Down the hall in the church’s nave, Susan Gaylord — a graduate of the Manhattan School of Music’s opera study program and a vocal instructor for Lawrenceville and Pennington schools — leads the other training chorus unit. Ten students crowd the first pew, near the piano where Gaylord plays and then hops up to clarify a point. “Put the ‘B’ on the top of the beat,” she tells them, referring to a specific word at a specific point. The students attack the line and nail the rhythm and sound. Gaylord smiles and compliments them.
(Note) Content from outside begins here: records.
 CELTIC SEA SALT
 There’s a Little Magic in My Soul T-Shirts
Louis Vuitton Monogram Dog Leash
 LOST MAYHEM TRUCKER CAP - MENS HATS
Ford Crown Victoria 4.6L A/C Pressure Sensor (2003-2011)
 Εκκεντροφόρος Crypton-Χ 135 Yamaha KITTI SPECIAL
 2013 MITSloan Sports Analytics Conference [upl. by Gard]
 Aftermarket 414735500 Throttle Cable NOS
“There’s been a 100 percent high school graduation and college entrance from the kids in the program,” Thel says about the program and its effect. She gives her thoughts about the group’s success: “Musicians seem to stay out of trouble. That seems like just a positive side effect, but it’s a very big thing. I also see that people who sing in choirs learn about how to form community. Think of the difference between making contact with people through Facebook and singing with them.
“But the thing that is the most fun to see is the world that opens up to students through music. They learn a musical language, can access a body of literature that they would not be able to access without training, sing in other languages and in the process learn about other cultures, connect to poetry and philosophy, and can sometimes have the same kind of euphoria that you might reach after a good run. When they are able to perform in great venues, all of that benefit seems to quadruple.”
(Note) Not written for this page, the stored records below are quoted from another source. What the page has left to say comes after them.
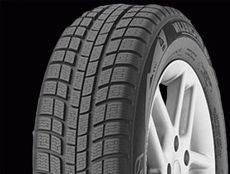 Шины Michelin Michelin Alpin PA2 ZP (245/50R18) 100T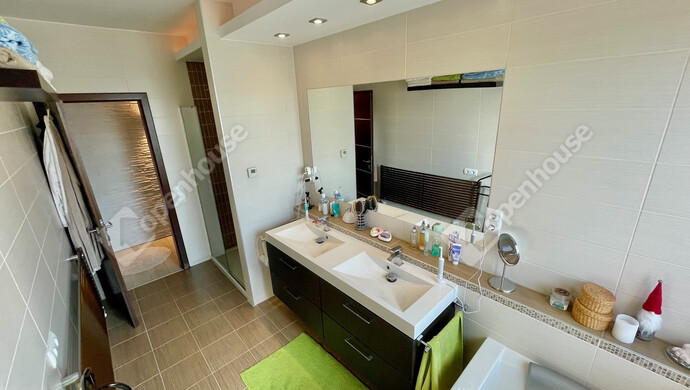 25. kép | Eladó Családi ház, Hidegség (#177456)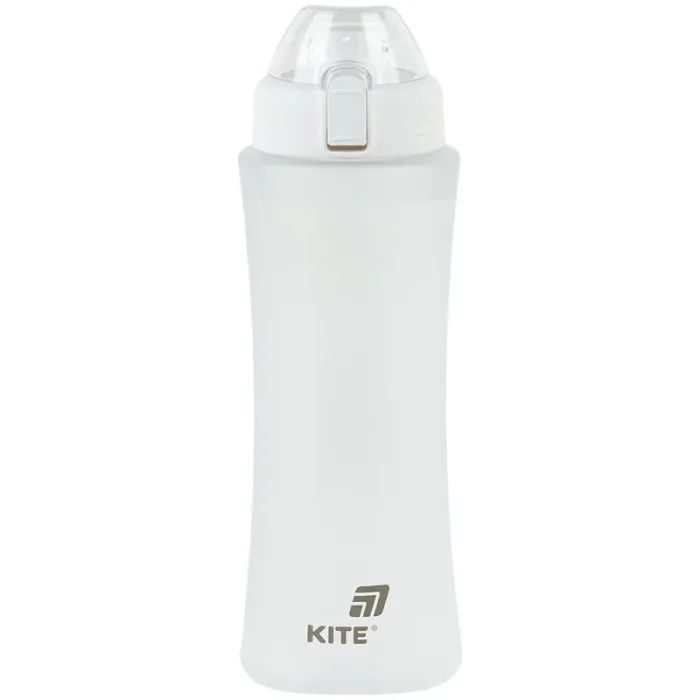 Поильник-непроливайка Kite 660 мл, рожева (K25-1216-3)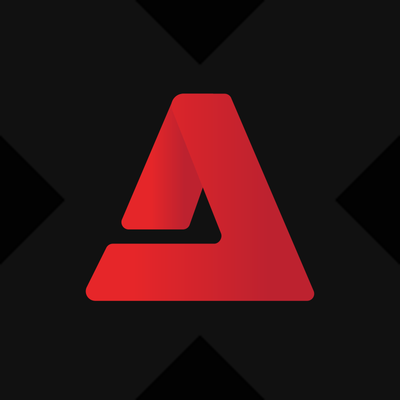 ALMx logo — tokenized Almonty Industries stock on Solana
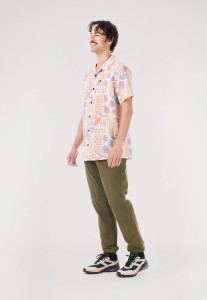 Spodnie Picture 2026 Kalhoty Lenu Tobacco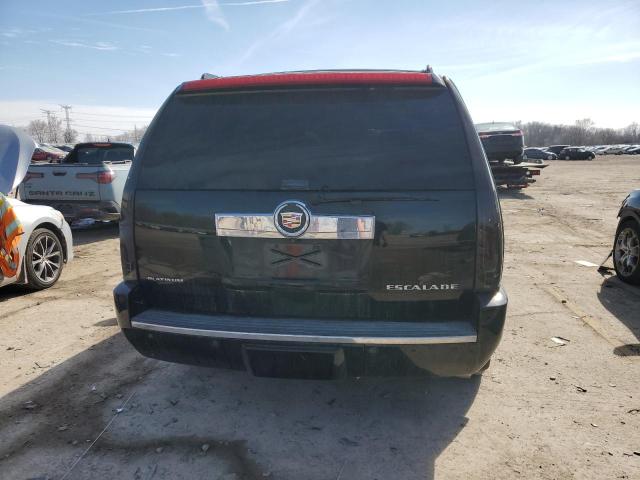 Photo 6 from auction – 2009 CADILLAC ESCALADE with VIN 1GYFK13279R101904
It is now 5:30 p.m., and Thel and the high school students have replaced the younger students in the main church. This is the unit that works to master choral literature and give professional performances. With regionally known pianist Jo-Ann Rubay Sciarrotta providing accompaniment, Thel intones a note. The students — wearing everything from skirts and blouses to hoodies and leather jackets — respond with commitment and engagement.
She then gets serious and, thinking of the concerts to come, says, “Now it is time to really work.” They take out “Carol of the Bells” and begin.
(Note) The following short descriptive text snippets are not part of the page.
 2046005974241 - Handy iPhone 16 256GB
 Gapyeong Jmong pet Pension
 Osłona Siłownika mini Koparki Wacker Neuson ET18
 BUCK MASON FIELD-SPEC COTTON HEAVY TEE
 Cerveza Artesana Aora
While routine, something deeper is going on. Something reflected in a statement by one of the students on the chorus’ website: “Being a chorister for nine years was much more than singing in the choir. Often choir practice was the highlight of my week because, there, I felt a sense of belonging. I’ve always been quiet and reserved, but TCC helped me to grow out of that shell and has had a tremendous effect on my life. Trenton does not always provide many opportunities for young people, but through TCC, I was able to experience and view a world that had been closed off to me.”
Suddenly Thel stops the sing and gives the group an idea to help the singing be more bell-like. “I’ve devoted my life to singing vowels. But don’t sing them now. Just go to the ‘Ding!’”
It’s her way of telling them to go for the gold.
Trenton Children’s Choir, Covenant Presbyterian Church, 471 Parkway Avenue, Trenton, Sunday, December 7, “Lessons and Carols,”4 p.m., and Friday, December 12, Winter Concert, 7 p.m. Admission: Good Will Offering.
Upcoming: Friday, February 6, Black History Month Concert. 6:30 p.m. and Friday, March 27, 7 p.m., Covenant Presbyterian Church, Trenton. Saturday, March 28, 25th Anniversary Concert, 7 p.m., Miller Chapel, Princeton Theological Seminary. Sunday, April 12, “Spring into Song,” Central Baptist Church, Ewing. Friday, May 15, Spring Concert, 7 p.m. Covenant Presbyterian Church.